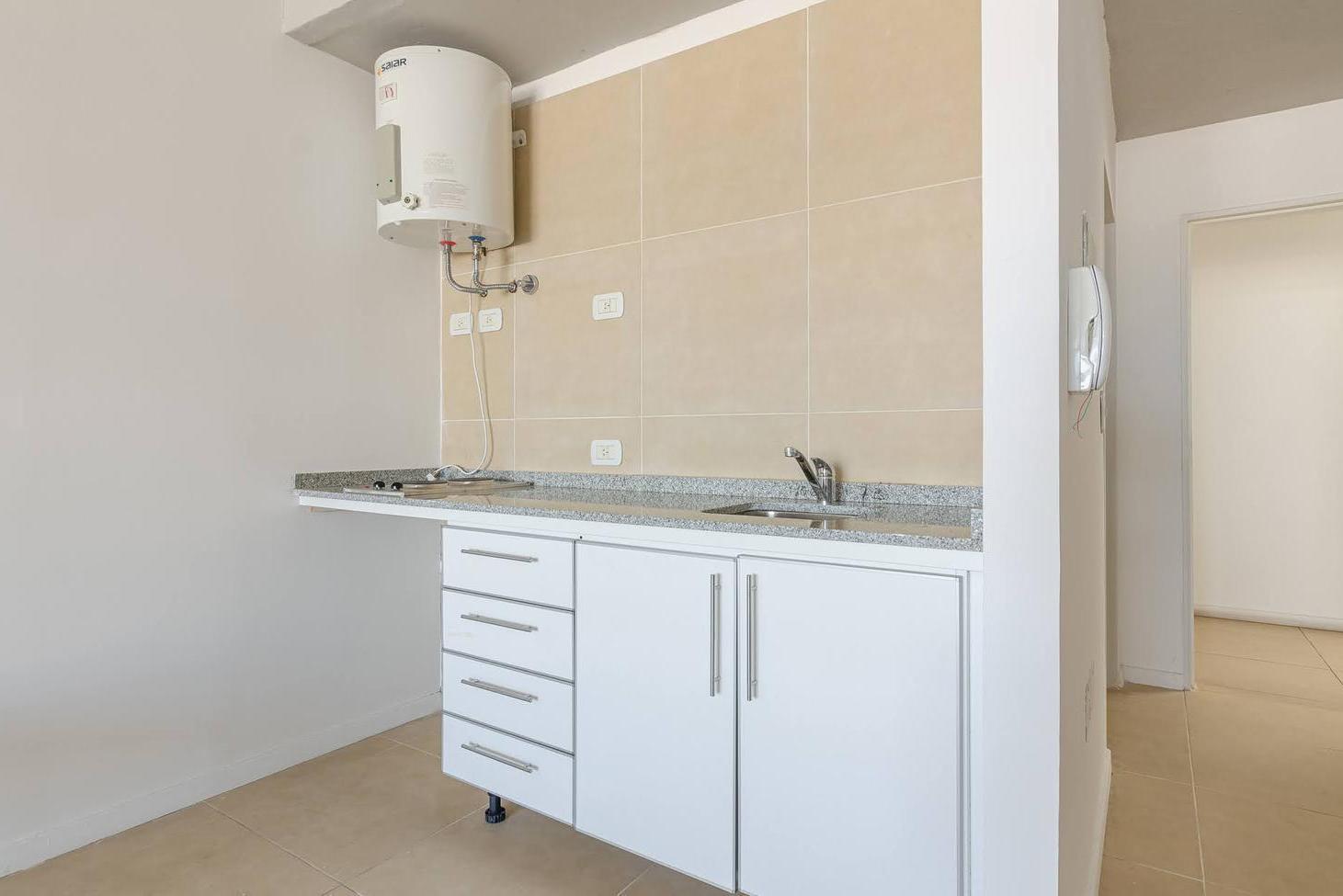 Venta departamento con balcón y cochera Monserrat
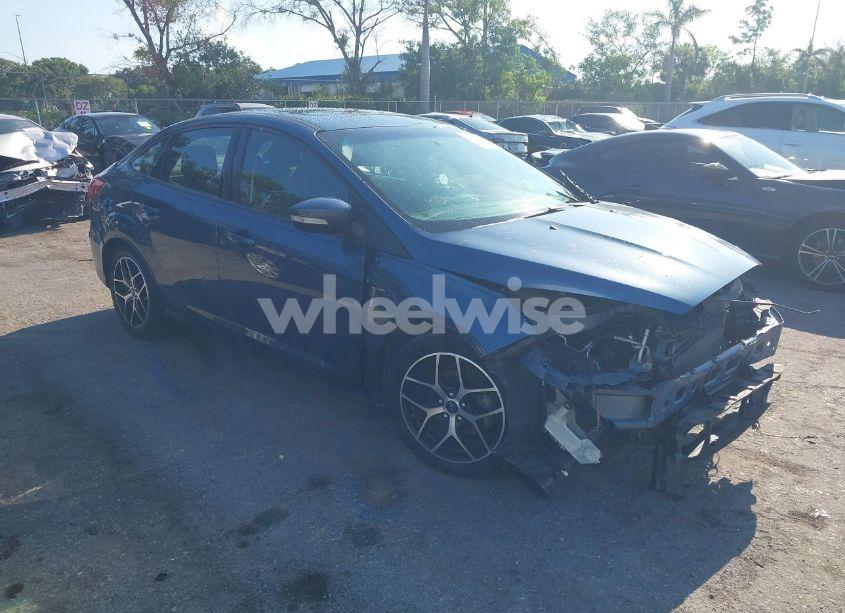 2018 Ford Focus SEL (VIN 1FADP3H21JL285446) main photo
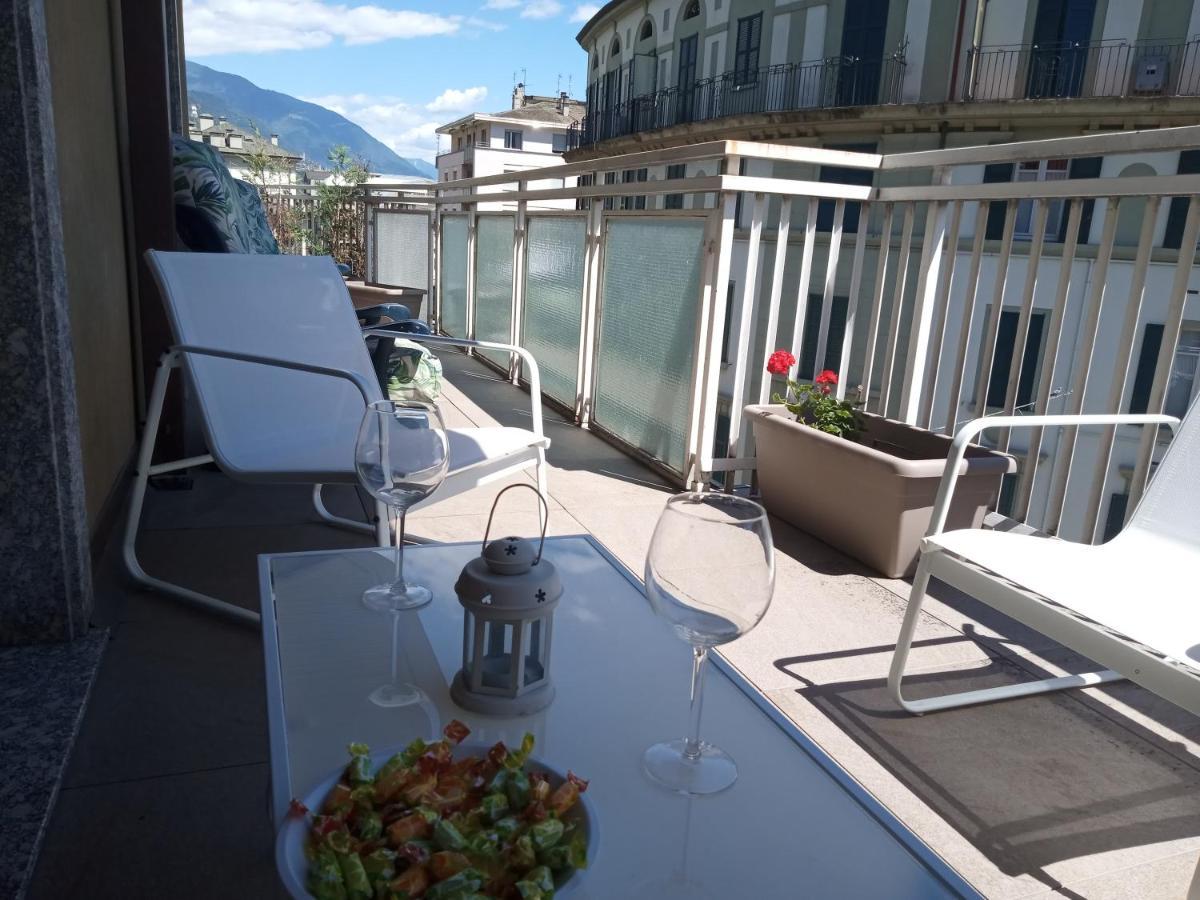 Ferienwohnung Mary House Sondrio Exterior foto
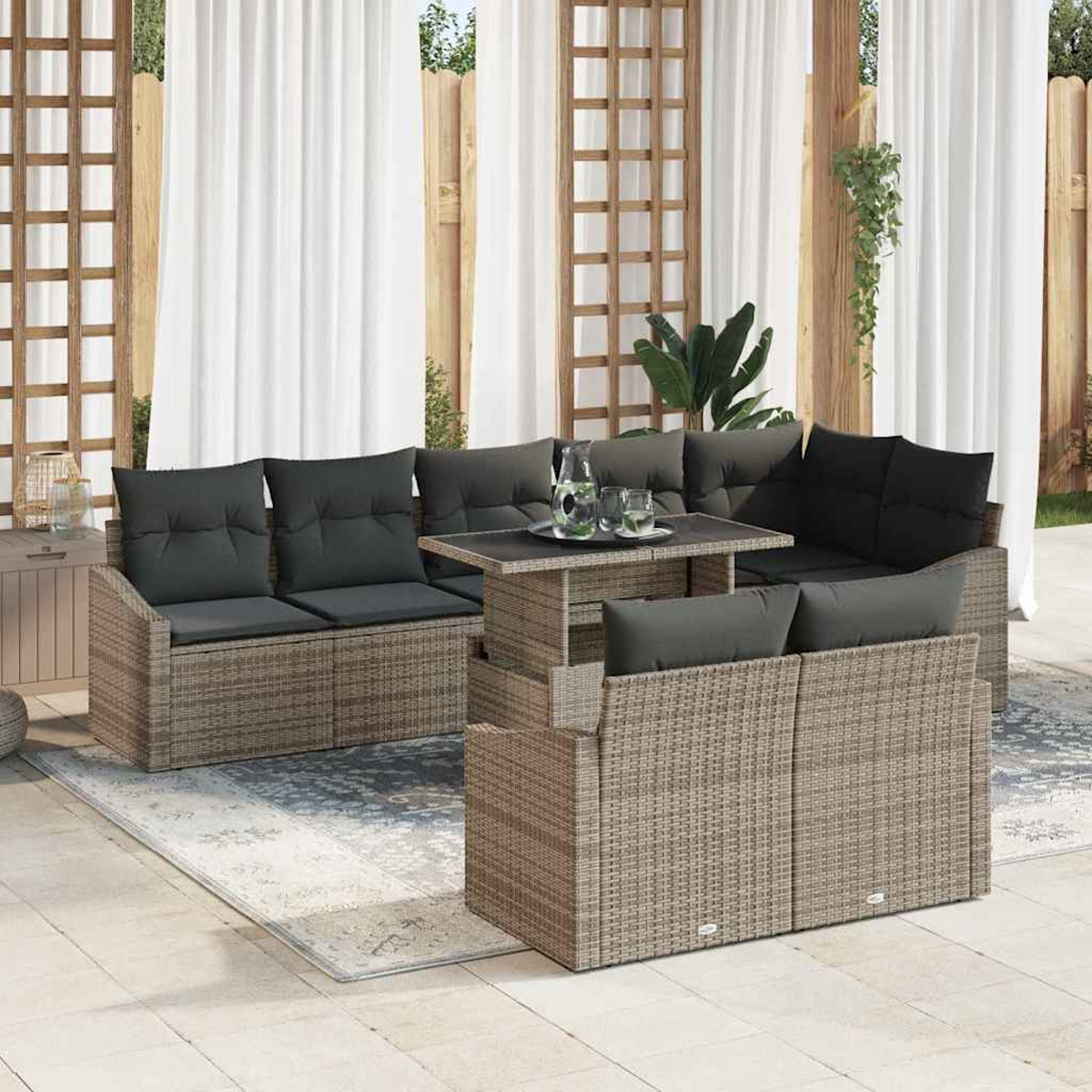 Outdoor-Rattansofa-Set mit grauen Kissen und einem Tisch. Weiße Vorhänge und Holzgitter im Hintergrund. Auf dem Boden liegt ein Teppich.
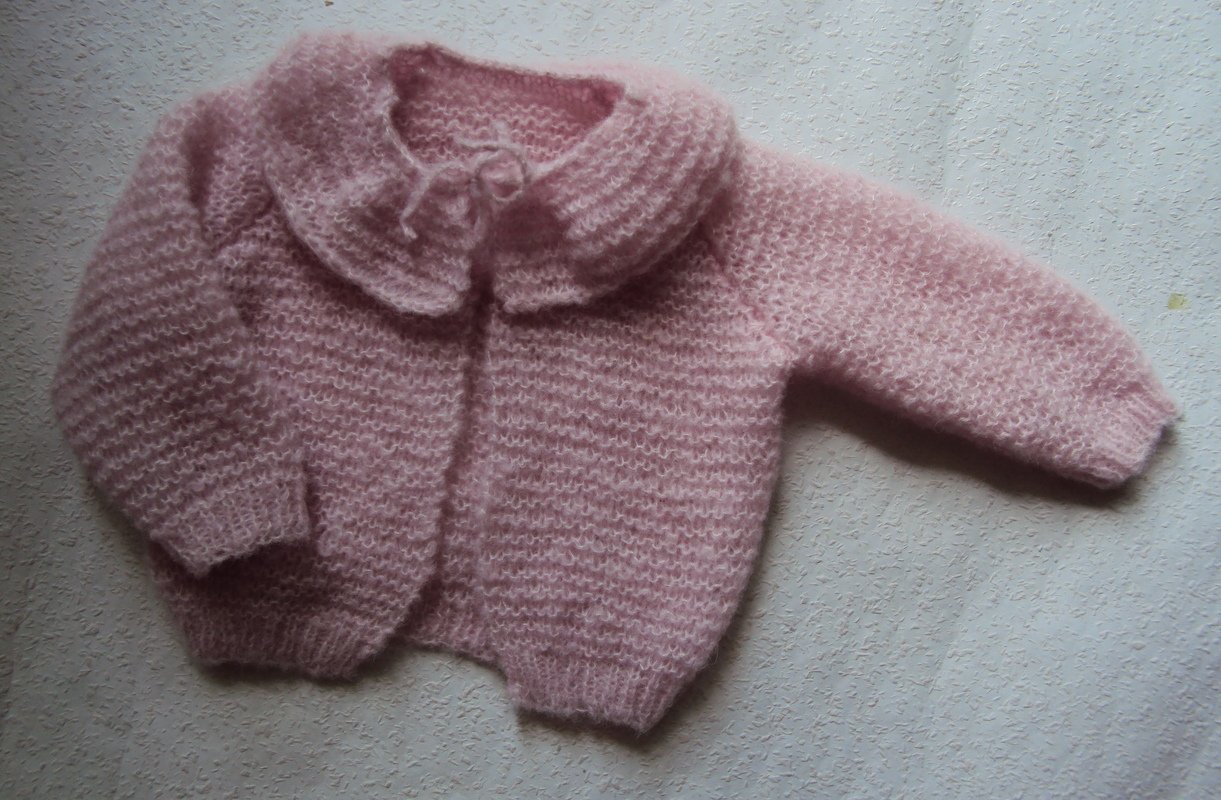 Rosa Jäckchen im Raglanschnitt mit Kragen Größe 80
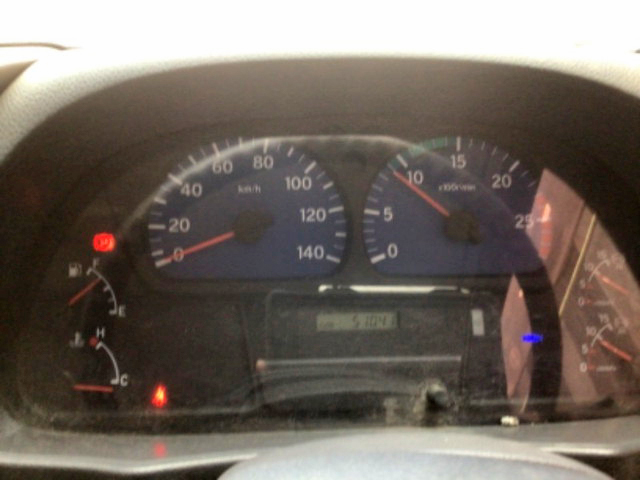 UDトラックスクオンアームロール大型（10t）[写真30]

— How to complete this task —
Each line of the records above must be repeated exactly, but no picture belongs in the copy.

— Task result —
 Venta departamento con balcón y cochera Monserrat
 2018 Ford Focus SEL (VIN 1FADP3H21JL285446) main photo
 Ferienwohnung Mary House Sondrio Exterior foto
 Outdoor-Rattansofa-Set mit grauen Kissen und einem Tisch. Weiße Vorhänge und Holzgitter im Hintergrund. Auf dem Boden liegt ein Teppich.
 Rosa Jäckchen im Raglanschnitt mit Kragen Größe 80
 UDトラックスクオンアームロール大型（10t）[写真30]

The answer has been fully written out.